Good Friday, the silence that follows, and Easter are not only a religious story. They are an inner journey that almost every person touches at some point in their life—whether consciously or not. Not outwardly as crucified, but within their inner world.

I have seen this pattern many times—through my work as a therapist, but even more deeply in my own life.

Good Friday – The Collapse

There are periods when you are not understood.
When your choices are questioned, and even your mental or emotional state is doubted.

And perhaps the most painful part is this—your experience is minimized or misinterpreted, especially by those from whom you expected understanding the most.

If you are sensitive, aware, and inwardly open, this does not stay on the surface. It is not something you can simply “get over.” It enters your nervous system, your body, and your identity. This means it is no longer just a thought like “I am struggling” or “someone didn’t understand me.” It becomes something you experience with your whole being.

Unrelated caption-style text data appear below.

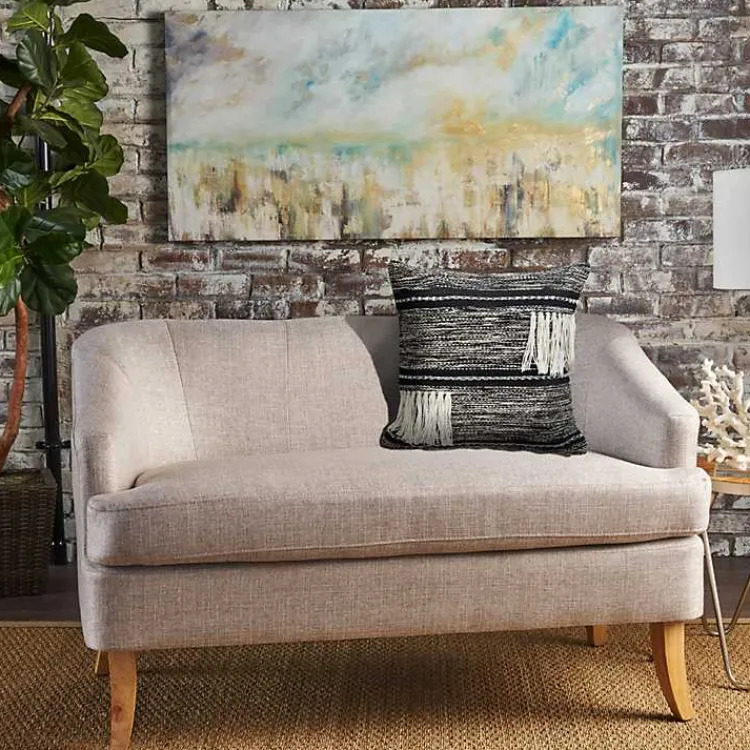 Sale Black and Natural Mingled Texture Pillow Pillows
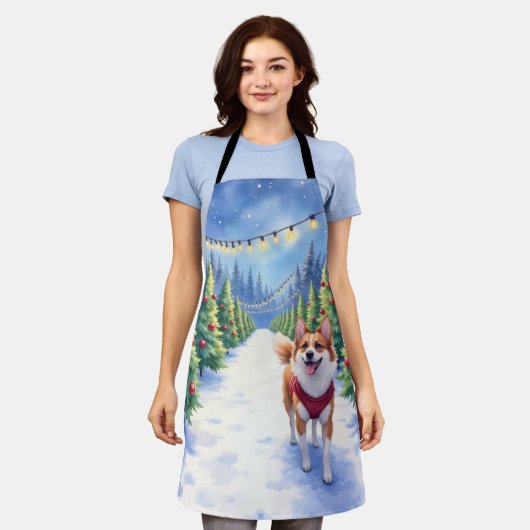 Staffordshire Bull Terrier at Christmas Tree Farm Schürze (Getragen)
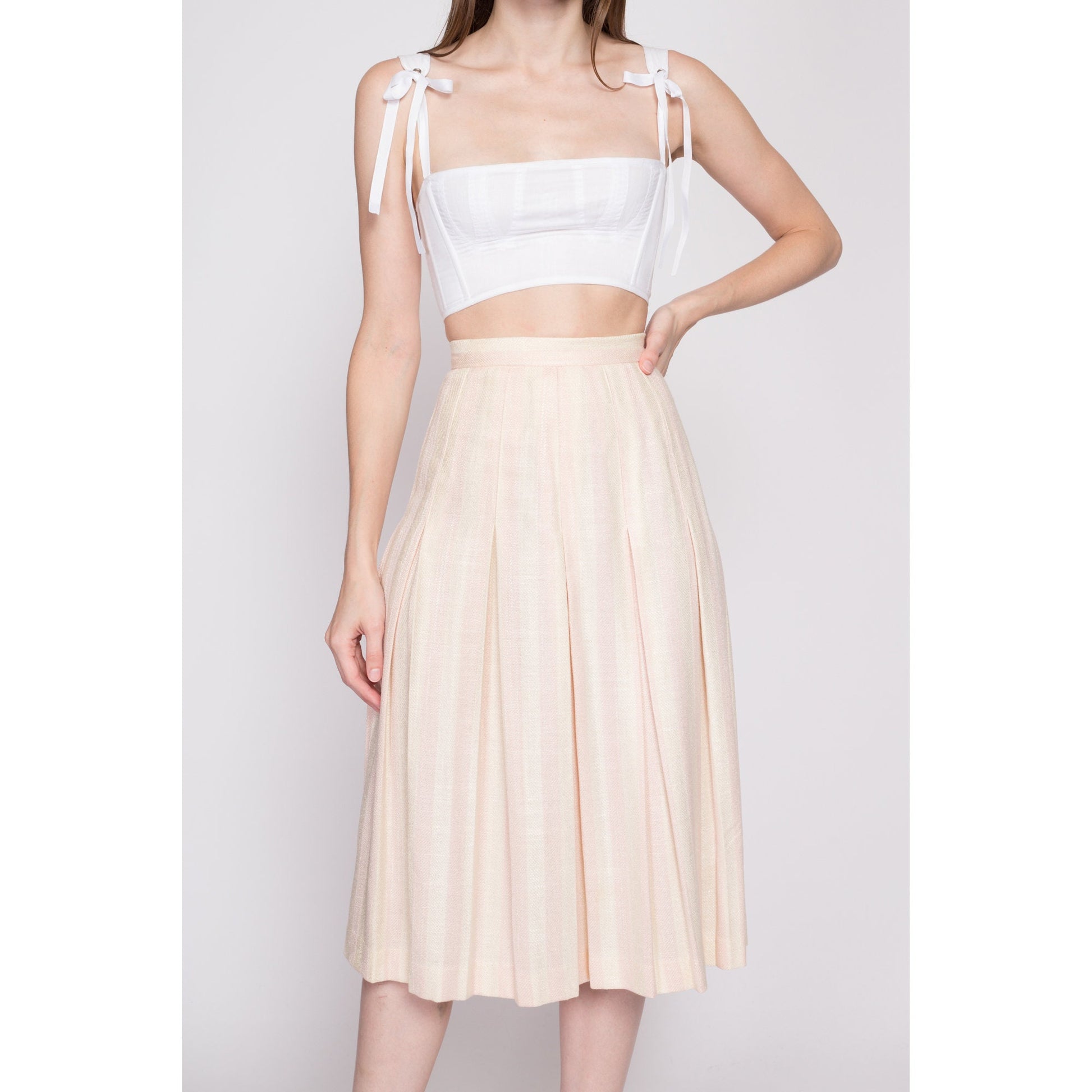 80s Pastel Striped Pleated Midi Skirt - Extra Small, 23.5" | Vintage Micki Pink Yellow High Waist Preppy Schoolgirl Skirt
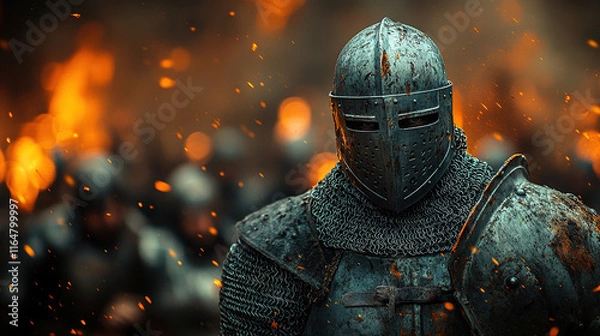 Fototapeta Teutonic Knight in Full Armor with Sword, Medieval Templar Warrior Standing in Battle Stance on Historic Battlefield in the Middle Ages, Dramatic Light and Historical Setting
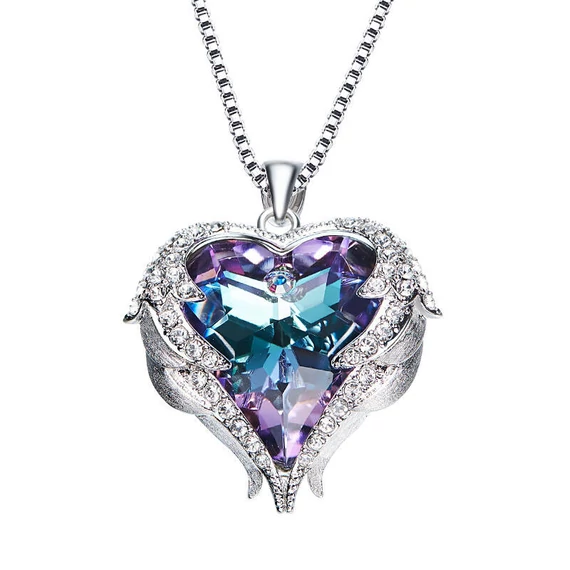 Lila színű Swarovski® kristályos angyalszárny alakú nyakék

You begin to question yourself:

“Am I wrong?”
“Am I too much?”
“Or not enough?”

Psychologically, this is the moment when the old structure of identity begins to break down. The roles you have relied on no longer hold. External reflections no longer confirm you— people around you no longer respond the way you are used to. They do not see you the same way. They do not meet you in the same way. And without that mirror, uncertainty arises within you. This can feel both liberating… and deeply destabilizing. Because now the question is no longer:

“How am I seen?” but: “Who am I, if no one reflects it back to me anymore?”

In spiritual language, this is the awakening of the soul and the beginning of the search. A loss of control.  A call into deeper contact with something that can no longer be managed by the mind.

This is your journey of the cross.

And it is not easy.

It is a series of life events that bring you to a place where you can no longer be who you once were. Not because you do not want to…but because it simply no longer works.

And in this place, it is easy to lose trust in your own perception. You may feel like you are losing your mind. A deep, almost existential fear can arise—as if something inside you is ending. Your thoughts may become overwhelming, even catastrophic…and you may become afraid to listen to them.

This is what a spiritual crisis may feel like.

In that moment, it feels like the end. But in truth, it is the beginning.

The In-Between – Silence and the Void

I have come to understand Good Friday not only as a symbol, but as a state. Something that does not last only one day…but can stretch into weeks, months, or even years.

It is not only the story of Jesus Christ being crucified- It is the story of a human being who reaches a point where their former life is left behind—and there is no way back.

Between those two, there is a kind of abyss.



I remember one such moment in my life very clearly. I was in the middle of a storm of events—not observing from the outside, but fully inside it. And then it came. A moment that was not loud or dramatic. It was quiet… but completely clear- inner awakening: “I cannot continue like this anymore. Either I give up completely…or I learn how to live again.”

Bankruptcy was one visible part of that process. In the Estonian cultural and economic context, it is often stigmatized and dismissed—as if it defines you as unreliable or somehow flawed. People and institutions see the weakness, but they do not see the strength that is born through such a process.

Outwardly, life was breaking apart…but inwardly, something deeper was breaking—my identity.

The knowing of who I had believed myself to be for years - How to act, how to decide, how to carry responsibility. I had been used to create, hold and lead but suddenly… none of it carried the same meaning.

I did not only lose something external. I lost the ways I had learned to know and experience myself— or perhaps more truthfully, the ways I had learned not to…the patterns that had kept me from truly knowing myself.

That was my cross. But the cross was not a punishment.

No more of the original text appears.